Question

g(x) = x - 6
domain of g: all real numbers
range of g: all real numbers
k(x) = \sqrt{x}
domain of k: x \geq 0
range of k: y \geq 0
(image: graph of a line with a red segment)
domain of g + k: x >= 0
range of g + k: (dropdown with options y >= 0, y >= -6, all real numbers)

Explanation:

Step1: Analyze \( g(x) \) and \( k(x) \)

\( g(x)=x - 6 \) is a linear function, its range is all real numbers (\( (-\infty,\infty) \)). \( k(x)=\sqrt{x} \) has a range \( y\geq0 \) (since square root of non - negative \( x \) is non - negative).

Step2: Find the range of \( g(x)+k(x) \)

Let \( h(x)=g(x)+k(x)=x - 6+\sqrt{x} \). Let \( t = \sqrt{x} \), where \( t\geq0 \). Then \( x=t^{2} \), and \( h(t)=t^{2}-6 + t=t^{2}+t - 6 \), with \( t\geq0 \).

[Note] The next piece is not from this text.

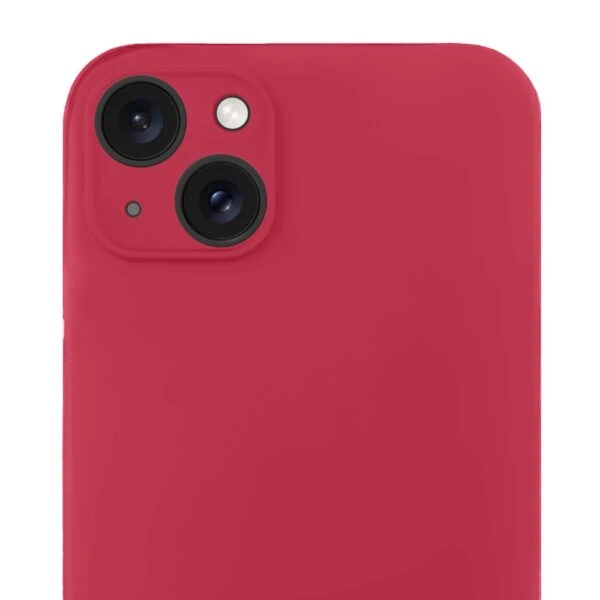 Etui do iPhone 14 silikonowe z mikrofibrą soft touch z osłoną na aparat, ceglasta czerwień (3)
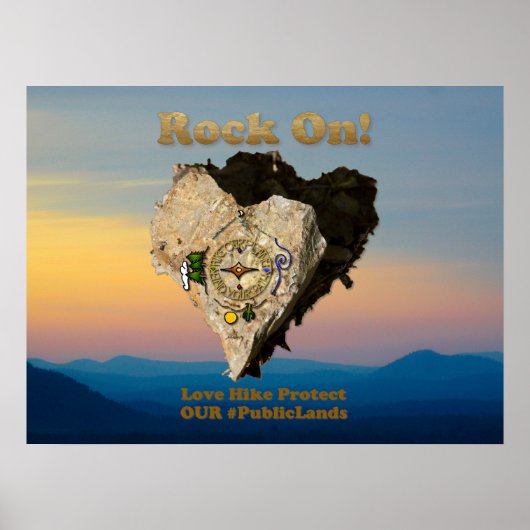 ROCK ON! Liefde Hike beschermt onze publieke grond Poster (Voorkant)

The function \( y = t^{2}+t - 6 \) is a quadratic function with \( a = 1\), \( b = 1\), \( c=-6 \). The axis of symmetry is \( t=-\frac{b}{2a}=-\frac{1}{2} \). Since \( a = 1>0 \), the function is increasing for \( t\geq-\frac{1}{2} \). For \( t\geq0 \), when \( t = 0 \), \( y=0^{2}+0 - 6=-6 \). As \( t \) increases, \( y=t^{2}+t - 6 \) increases (because the derivative \( y^\prime=2t + 1>0 \) for \( t\geq0 \)). So the minimum value of \( h(t) \) (when \( t = 0 \)) is \( - 6 \), and the range of \( h(t) \) (i.e., the range of \( g + k \)) is \( y\geq - 6 \).

Answer:

\( y\geq - 6 \)